Toxaris / coalgebraic-parsing

0 stars 0 forks source link

Designing a language that supports `delegate` #7

Open b-studios opened 9 years ago

b-studios commented 9 years ago

In order to enable discussion less bound to certain implementation details it would be good to define a formal language (grammar formalism) and give precise semantics for the language elements involved.

Right now it seems, that delegate / delegateOnce is at the core of our framework since it allows for redirecting input to other parsers (which was our original goal).

This issue is about collecting ideas and thoughts on a possible language and its semantics.
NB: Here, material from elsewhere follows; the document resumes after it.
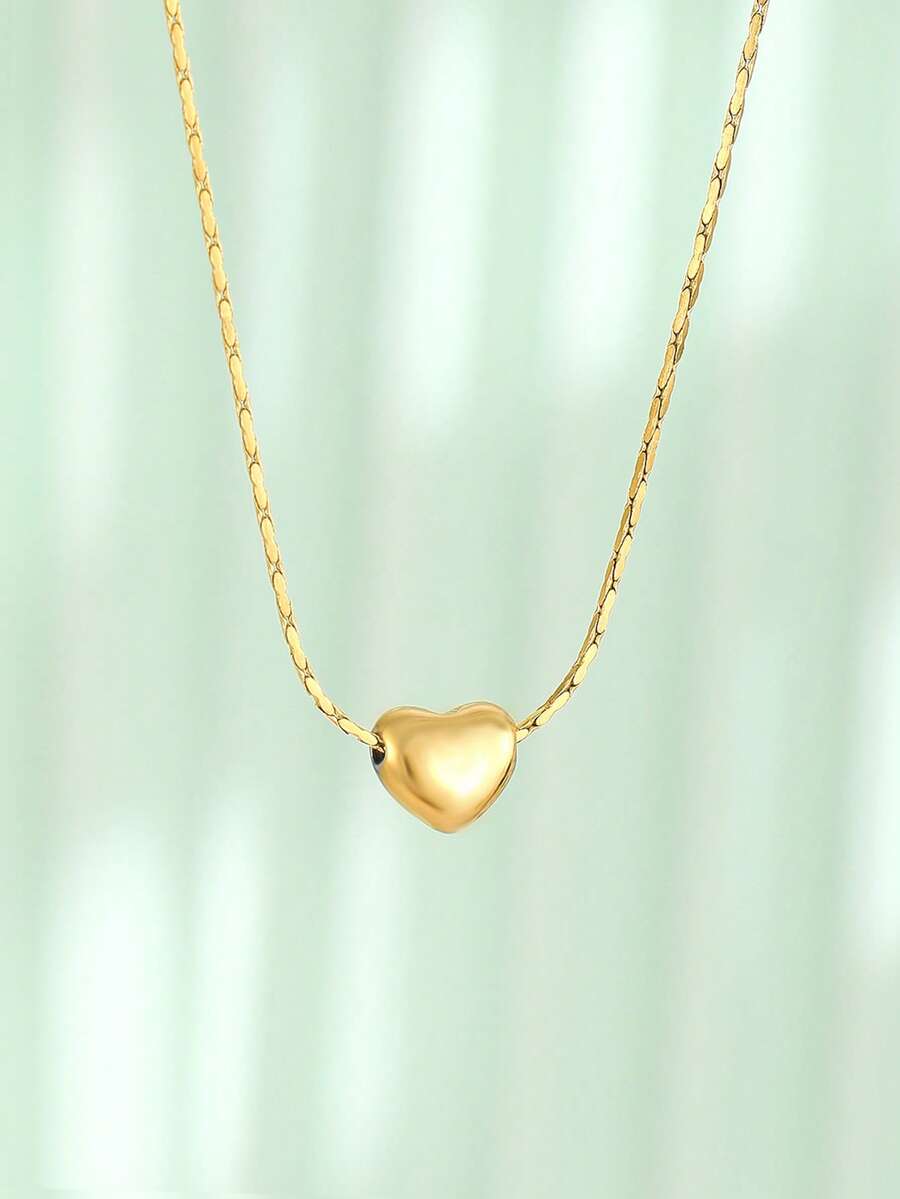 1入組兒童愛心掛飾不銹鋼時尚項鍊日常裝飾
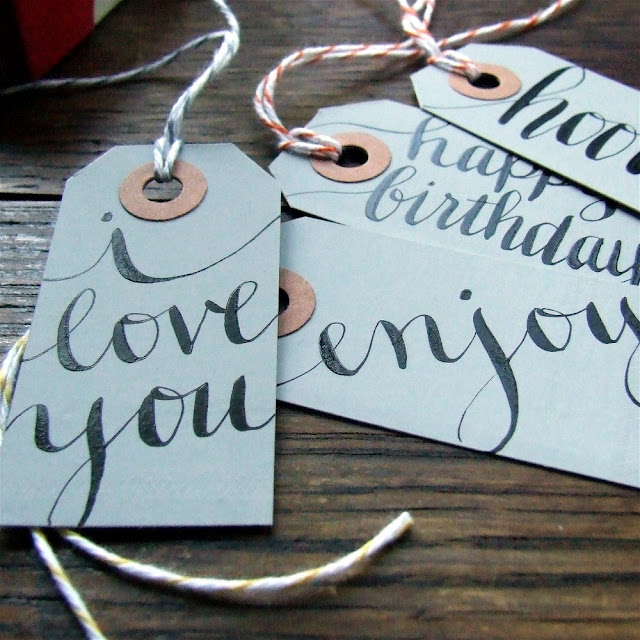 Beautifully hand lettered gift tags for all of life's moments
b-studios commented 9 years ago

There are two aspects of redirecting input:

  1. Referencing the parser to redirect to
  2. Binding the resulting (partial) parser

As a result the resulting grammar formalism probably needs to be higher order. It should be possible to parametrize rules, rules should return (partially applied) rules. Now: where is the big difference to parser combinators then?

b-studios commented 9 years ago

First ad-hoc proposal: Building on some variant of OMeta which itself builds on PEG, we could introduce the primitive del(p) that feeds the next character of the input stream to p and returns a new parser which reflects p in the new state. OMeta allows parametrizing rules (or nonterminals) over other rules. As mentioned above, it is now also necessary that rules can return rules. Using the existing name binding mechanism interleave could then be implemented as:

interleave p q := del(p):p'  del(q):q' apply(interleave, p', q')

This rule will alternate in applying p and q token wise until either one does not match any more or the input is exhausted. There is no way a successful result is returned. To query a parser for its result we could think of the primitive done(p) which fails if p has no successful result. With done we can implement interleave as:

interleave p q := del(p):p' del(q):q' apply(interleave, p', q')
                | done(p):pRes done(q):qRes -> ... combine pRes and qRes ...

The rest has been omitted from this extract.